## Your objective
Please write out every record exactly, but keep any images out of it.

## Records
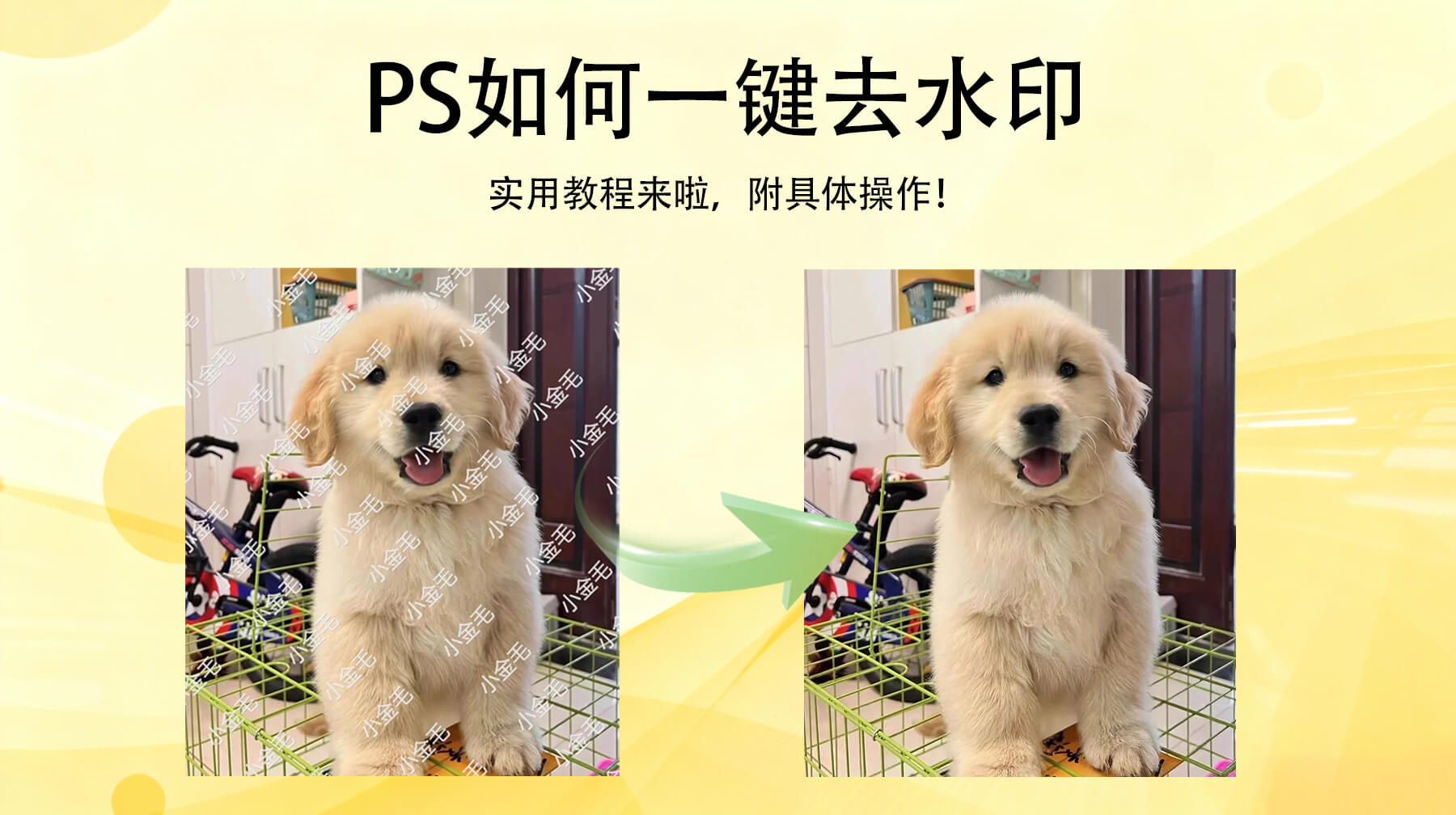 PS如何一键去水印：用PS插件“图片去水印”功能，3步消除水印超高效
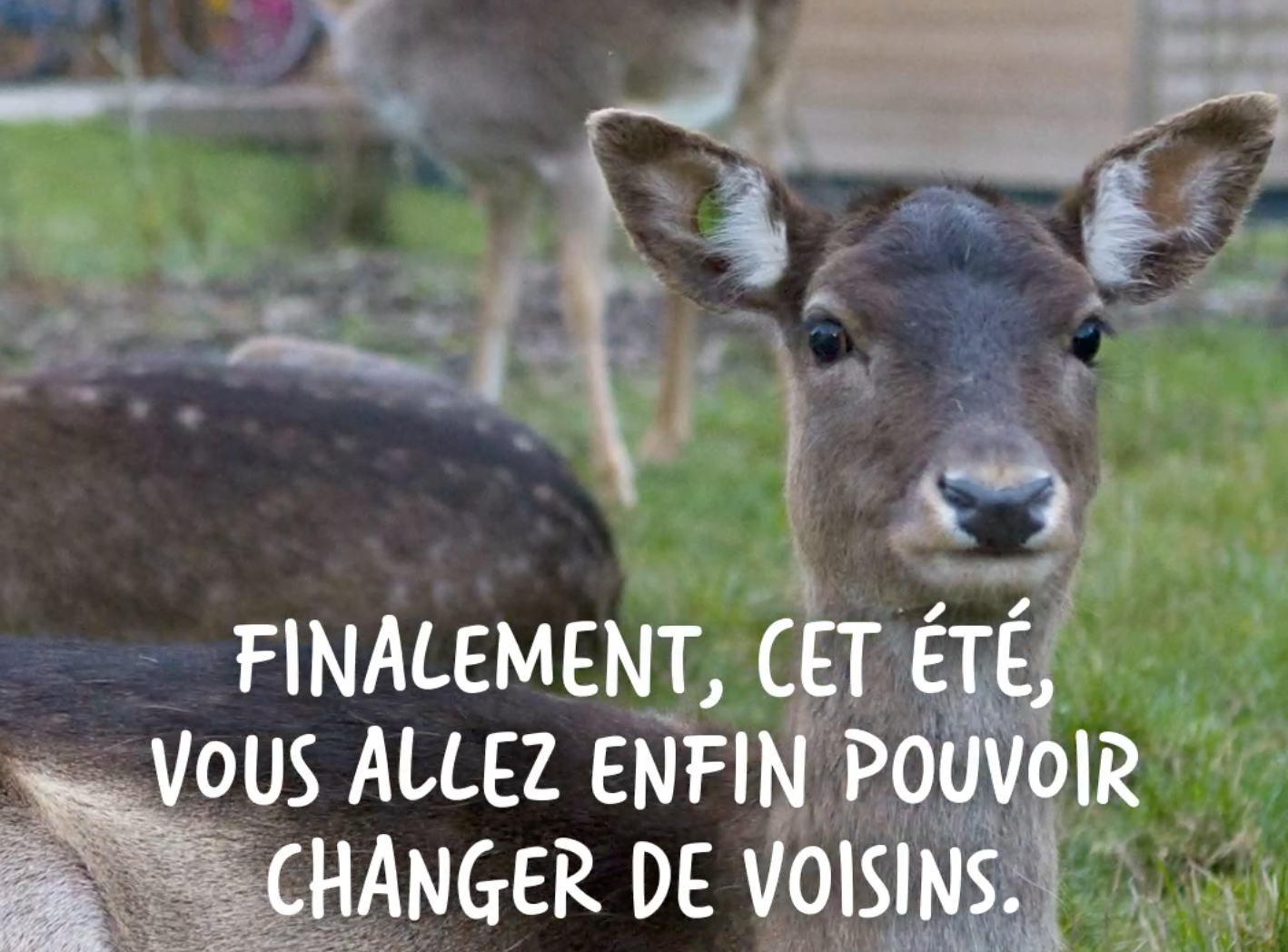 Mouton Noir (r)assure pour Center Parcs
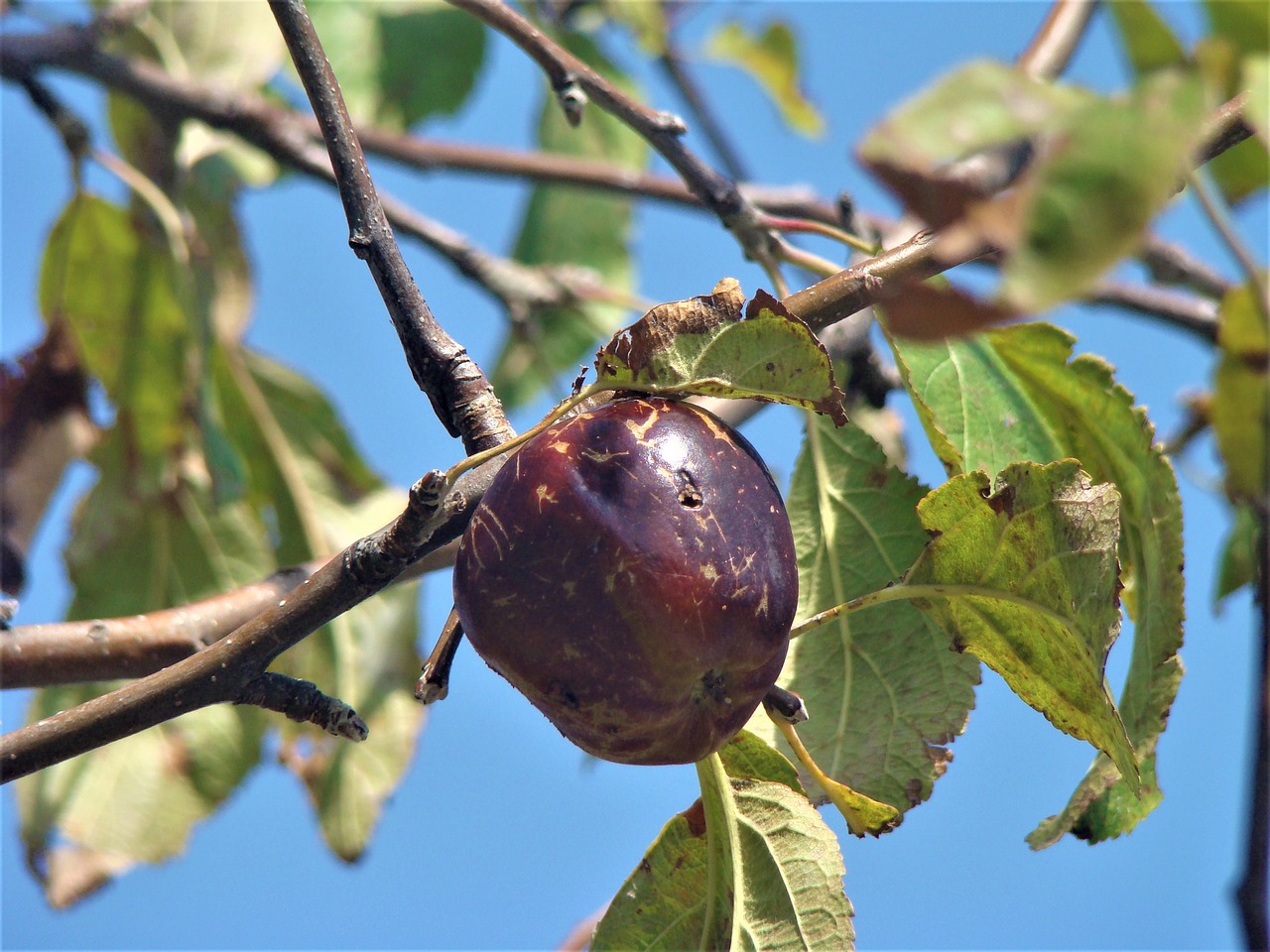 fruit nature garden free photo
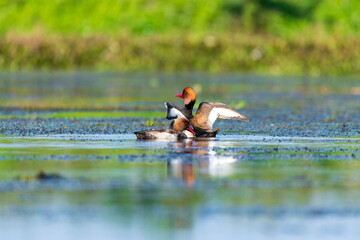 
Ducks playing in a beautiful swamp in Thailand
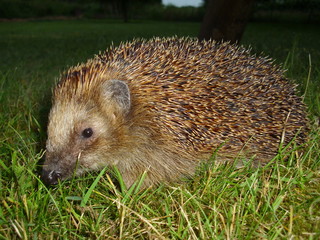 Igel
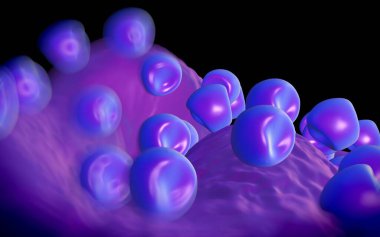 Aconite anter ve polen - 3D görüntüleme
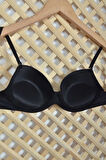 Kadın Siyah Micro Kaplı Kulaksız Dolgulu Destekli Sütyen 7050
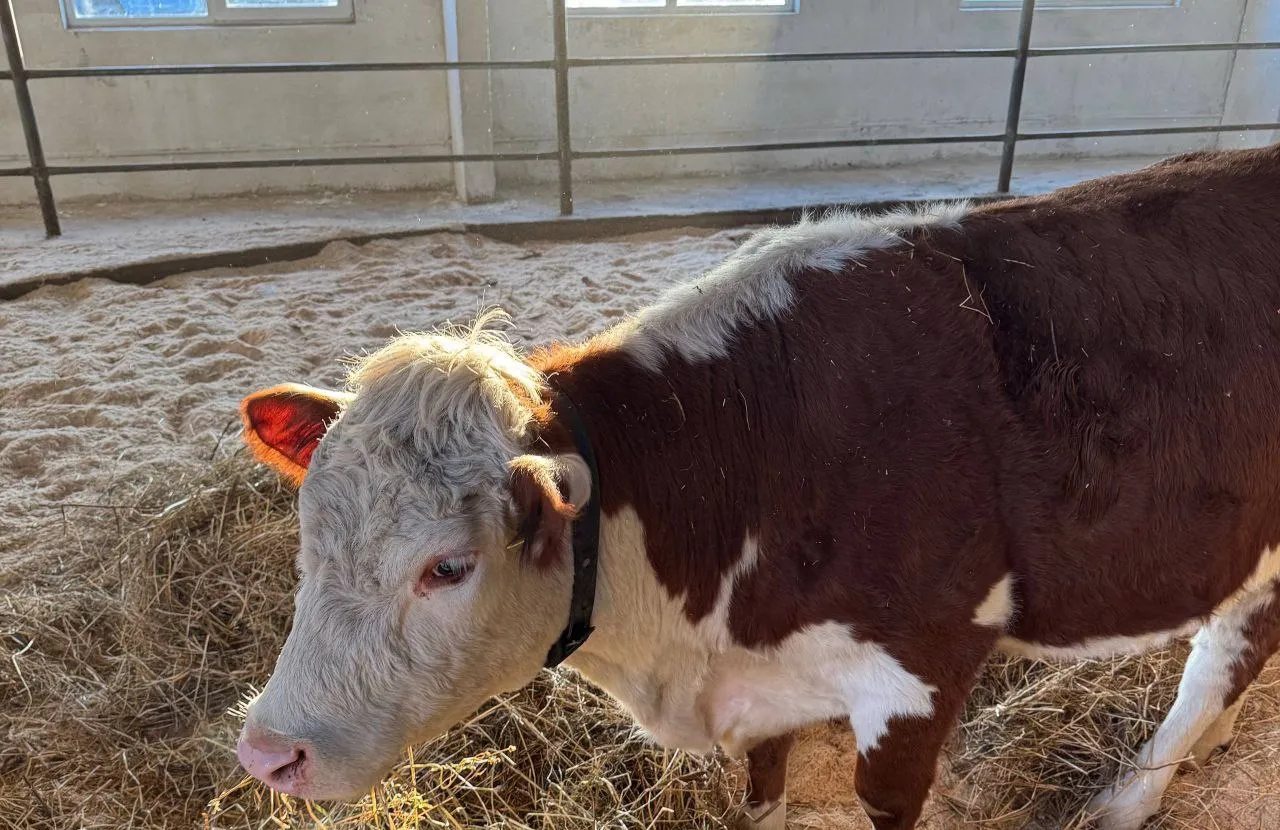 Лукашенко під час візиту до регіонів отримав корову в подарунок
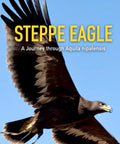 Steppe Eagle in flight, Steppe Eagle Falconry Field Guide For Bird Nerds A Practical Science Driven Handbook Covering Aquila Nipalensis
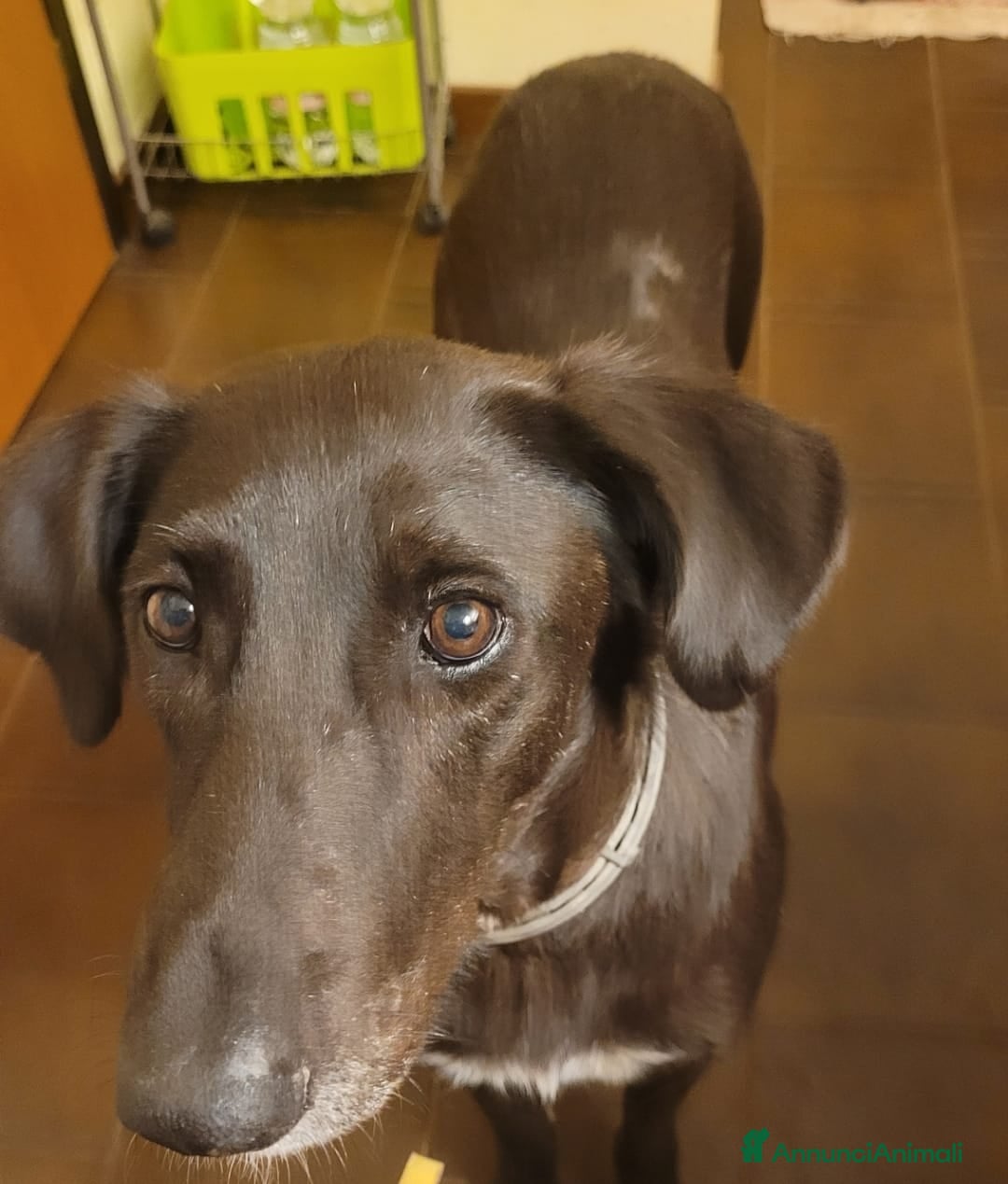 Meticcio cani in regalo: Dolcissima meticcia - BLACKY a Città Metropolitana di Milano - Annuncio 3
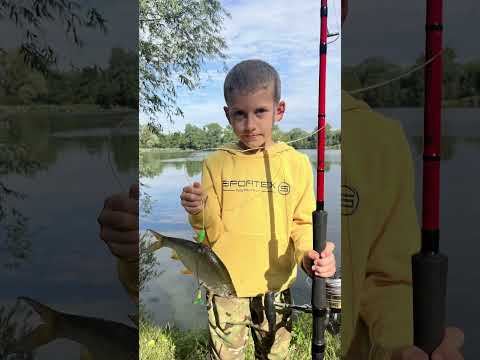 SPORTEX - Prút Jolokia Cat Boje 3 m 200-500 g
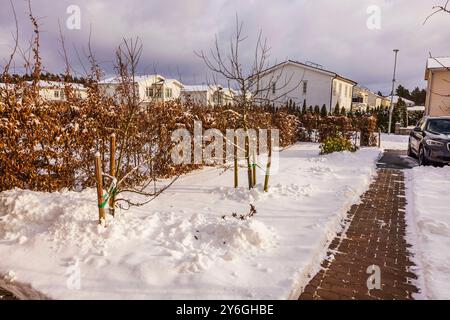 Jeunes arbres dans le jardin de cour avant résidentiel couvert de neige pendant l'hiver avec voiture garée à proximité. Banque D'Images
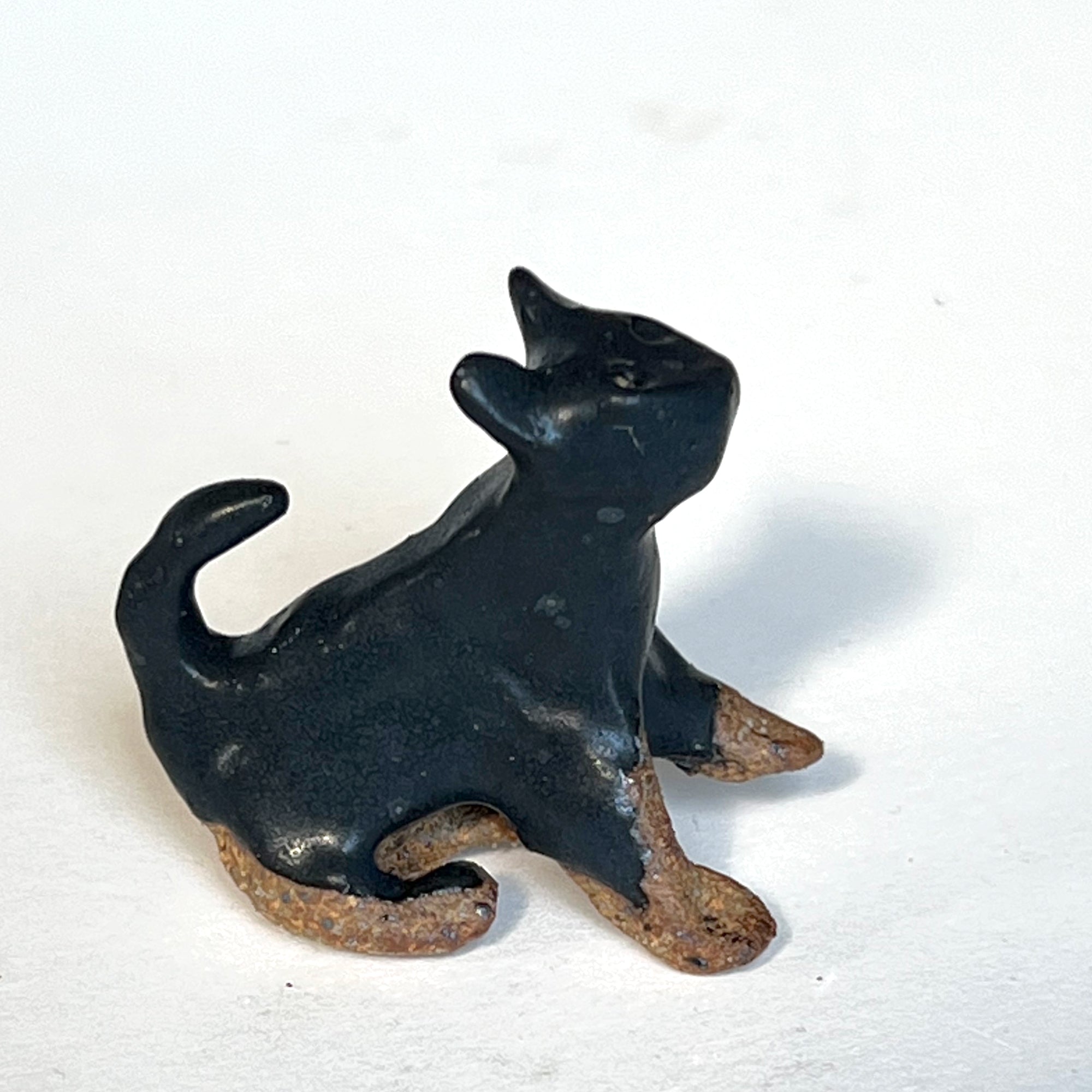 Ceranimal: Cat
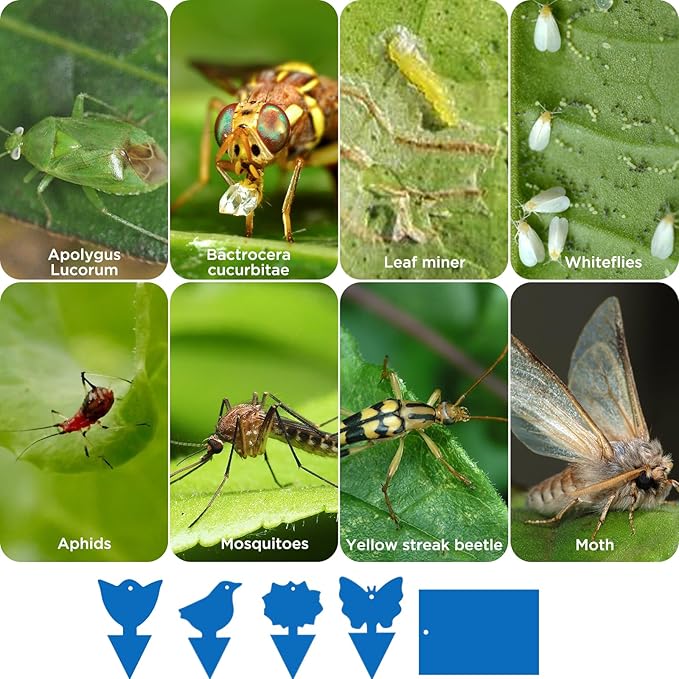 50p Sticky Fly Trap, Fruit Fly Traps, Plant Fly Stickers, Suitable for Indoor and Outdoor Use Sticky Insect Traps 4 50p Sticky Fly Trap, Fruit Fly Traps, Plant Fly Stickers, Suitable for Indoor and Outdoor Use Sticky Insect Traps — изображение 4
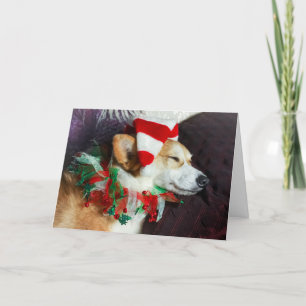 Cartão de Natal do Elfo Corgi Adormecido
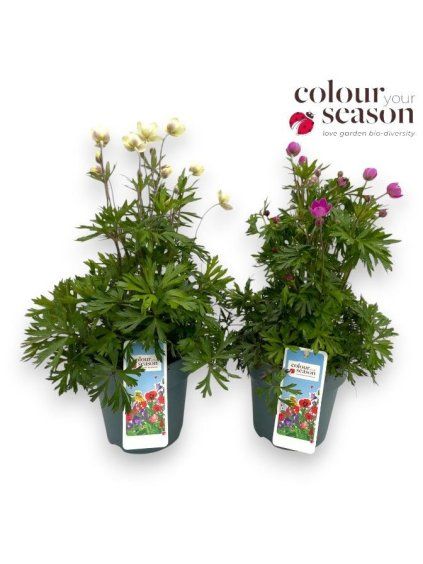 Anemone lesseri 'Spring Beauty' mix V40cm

## Expected answer
 PS如何一键去水印：用PS插件“图片去水印”功能，3步消除水印超高效
 Mouton Noir (r)assure pour Center Parcs
 fruit nature garden free photo
Ducks playing in a beautiful swamp in Thailand
 Igel
 Aconite anter ve polen - 3D görüntüleme
 Kadın Siyah Micro Kaplı Kulaksız Dolgulu Destekli Sütyen 7050
 Лукашенко під час візиту до регіонів отримав корову в подарунок
 Steppe Eagle in flight, Steppe Eagle Falconry Field Guide For Bird Nerds A Practical Science Driven Handbook Covering Aquila Nipalensis
 Meticcio cani in regalo: Dolcissima meticcia - BLACKY a Città Metropolitana di Milano - Annuncio 3
 SPORTEX - Prút Jolokia Cat Boje 3 m 200-500 g
 Jeunes arbres dans le jardin de cour avant résidentiel couvert de neige pendant l'hiver avec voiture garée à proximité. Banque D'Images
 Ceranimal: Cat
 50p Sticky Fly Trap, Fruit Fly Traps, Plant Fly Stickers, Suitable for Indoor and Outdoor Use Sticky Insect Traps 4 50p Sticky Fly Trap, Fruit Fly Traps, Plant Fly Stickers, Suitable for Indoor and Outdoor Use Sticky Insect Traps — изображение 4
 Cartão de Natal do Elfo Corgi Adormecido
 Anemone lesseri 'Spring Beauty' mix V40cm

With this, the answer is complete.